The Fresh Loaf

A Community of Amateur Bakers and Artisan Bread Enthusiasts.

30% rice 70% wheat loaf

Abelbreadgallery's picture
Abelbreadgallery

30% rice 70% wheat loaf

Whenever I want to add to my bread a big % amount of non gluten flour, scalding that quantity of flour in boiling water is a good technique to use. This time I made 30% scalded rice flour + 70% bread wheat flour. Sorry, I couldn't make a picture of the crumb. Next time I will do it.

Mini Oven's picture
Mini Oven

non-glutenous flour will go easily into AP wheat dough without scalding.  Have you tried the same recipe without scalding?  What differences did you find?  

The dough and the loaf look beautiful.  :)  

Abelbreadgallery's picture
Abelbreadgallery

If a want to make a bread with a small % of non gluten flour, there's no problem. I just mix with wheat flour. I mean less than 20% content.

But if I want to use a higher amount, I think scalding is a good method. Hot water breaks the starch and changes the molecular structure. Also changes the atributes of the sugars in the flour. Boiling water lets you use a higher amount of rice, corn, buckwheat, etc, until 50% or more. It also works with other low gluten flours, such as barley or rye.
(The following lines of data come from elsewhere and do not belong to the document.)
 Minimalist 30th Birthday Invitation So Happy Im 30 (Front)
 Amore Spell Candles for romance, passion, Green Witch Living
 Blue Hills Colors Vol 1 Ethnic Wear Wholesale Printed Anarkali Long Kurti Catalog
It is true that the structure of the crumb will change (more humidity, more gelatinous). You will enhance the structure of the dough, and you will get nice loaves with interesting volume, considering that your loaf contains 30%-50% less gluten content in flours.
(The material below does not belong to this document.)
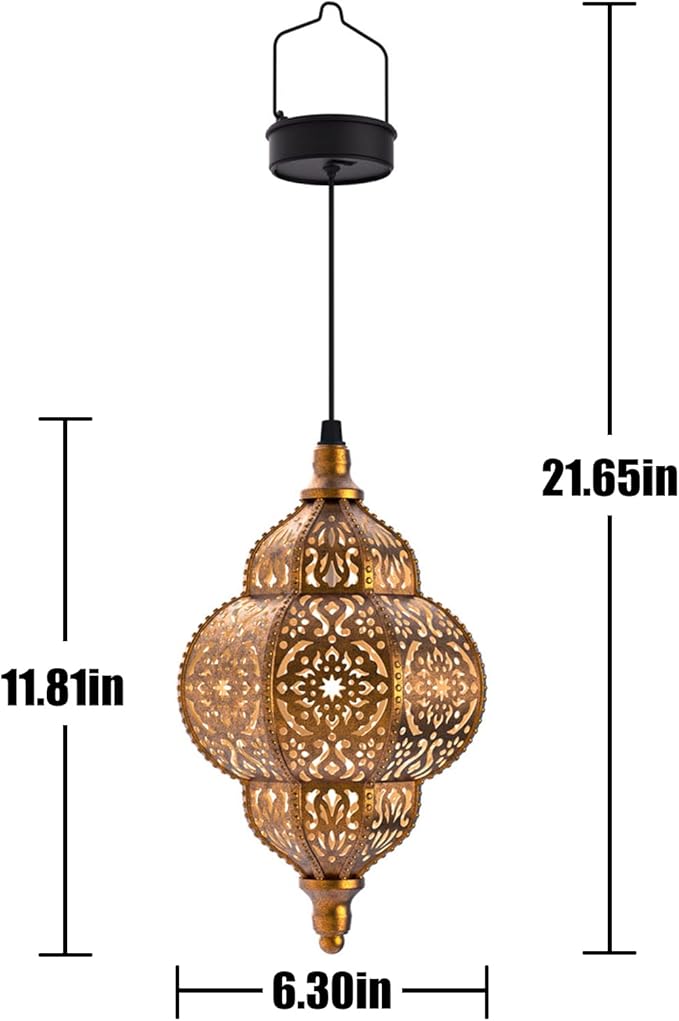 Hanging Solar Lights Outdoor Garden Decor Solar Lantern Waterproof Plastic Mo...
Also scalding the flour you remove the earthy texture of some flours, such as rice or corn. So for me it's a very interesting method to put savory and healthy flours in my bread in an important quantity.

Rube Goldberg's picture
Rube Goldberg

If possible, please post the entire formula. Thanks!

Abelbreadgallery's picture
Abelbreadgallery

You can make this:

- Step 1: Rice flour 300 gr + Boiling water 500 ml in a bowl. Whisk and let it temper.

- Step 2: Bread flour 700 gr + 250-300 ml water + Scalded rice flour + 20 gr fresh yeast + 25 gr salt + 100-200 gr stiff sourdough or paté fermenté.

Lazy Loafer's picture
Lazy Loafer

I'm having a bread tasting on the weekend, and one of the 'features' is going to be a variety of loaves of sourdough, all using the same basic formula and technique, but with 25% of the flour something other than wheat bread flour. So, I'm trying corn, amaranth, teff, durum (yes, I know it's wheat), rye and Kamut (also wheat). I didn't scald any of the flours during the test bakes, but now I'm wondering what difference it might make. All of them have turned out lovely in the test stage, by the way. I'll put a blog post together with some photos soon.